(Data section begins)

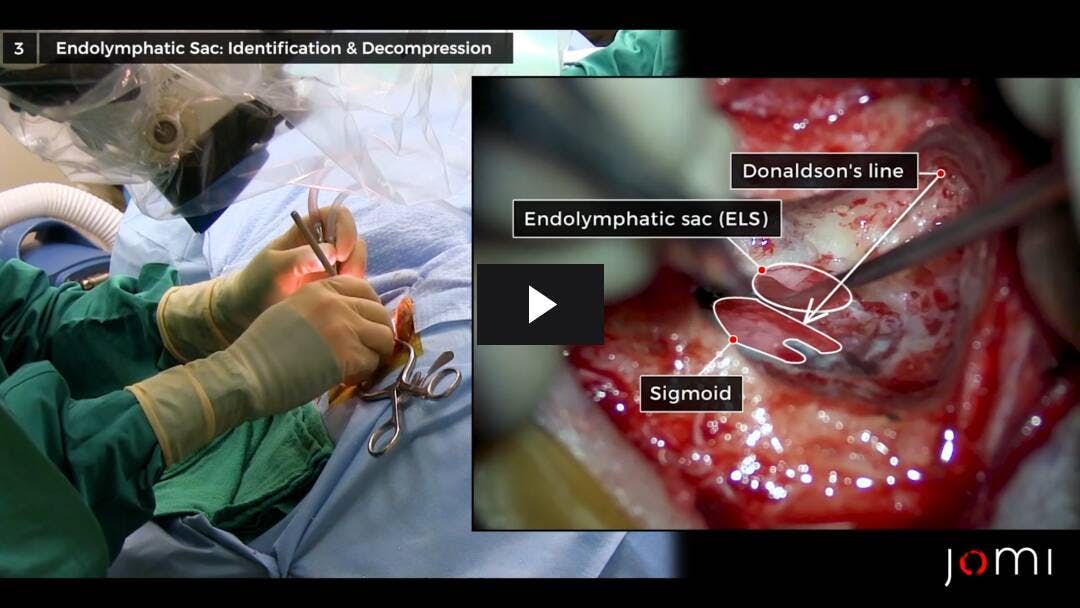 Video preload image for Endolymphatic Sac Decompression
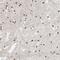 AF4/FMR2 Family Member 4 antibody, HPA023690, Atlas Antibodies, Immunohistochemistry paraffin image 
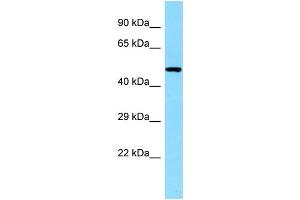 WB Suggested Anti-CLNK Antibody Titration: 1. (CLNK 抗体  (C-Term))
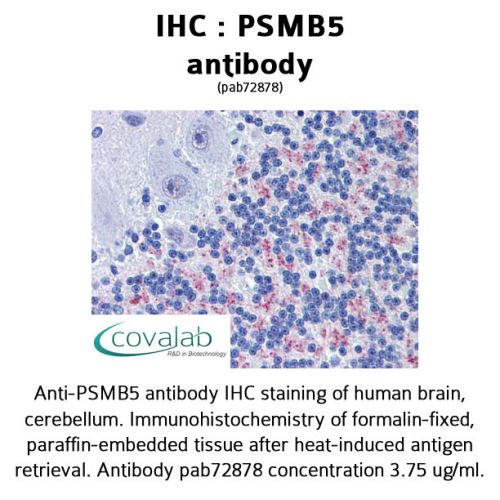 PSMB5 antibody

(Data section ends)

(To do): Would you please repeat all the data word for word, but without the pictures?

(Task result):
 Video preload image for Endolymphatic Sac Decompression
 AF4/FMR2 Family Member 4 antibody, HPA023690, Atlas Antibodies, Immunohistochemistry paraffin image 
 WB Suggested Anti-CLNK Antibody Titration: 1. (CLNK 抗体  (C-Term))
 PSMB5 antibody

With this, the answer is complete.